Despite its middling status, Ford boasts the new Power Stroke offers best-in-class torque, towing (11,400 pounds, comparable to the V8’s rating), and payload ratings (2,020 pounds for fleet trucks, 1,940 for retail versions), and best-in-class fuel economy. Though with the Ram 1500 EcoDiesel being its only competitor until General Motors introduces its new light-duty diesel for the Chevrolet Silverado and its GMC cousin, the Sierra, it’s not exactly difficult to attain such accolades.
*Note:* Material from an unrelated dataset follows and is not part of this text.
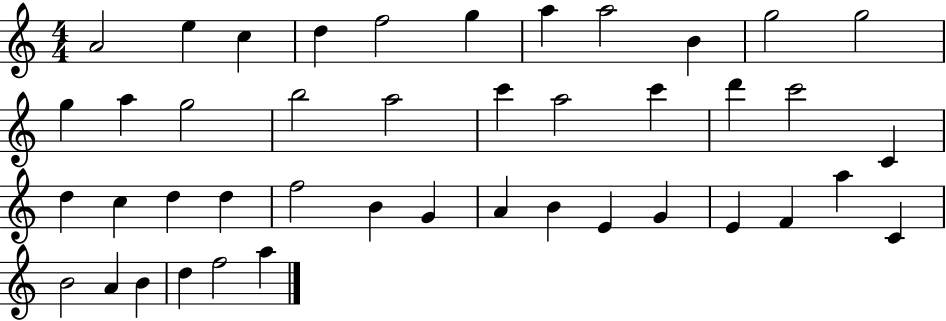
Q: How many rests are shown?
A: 0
And if towing or hauling are your priority, the gasser EcoBoost V6s still reign superior.
Otherwise, the Ford F-150 Power Stroke diesel V6 serves up a driving experience that’s more refined than its gas siblings, without sacrificing too much utility and compromising the versatility, comfort and everyday usability of the light-duty, half-ton F-150. And because its only competitor is the Ram 1500 EcoDiesel, which is still based off the previous generation
Should you get one?
If you’re looking for a light-duty, half-ton diesel-powered pickup truck with nearly similar capability and versatility, but don’t want to make the massive leap to a heavy-duty version that compromises comfort for utility at a significant price premium, then yes, absolutely!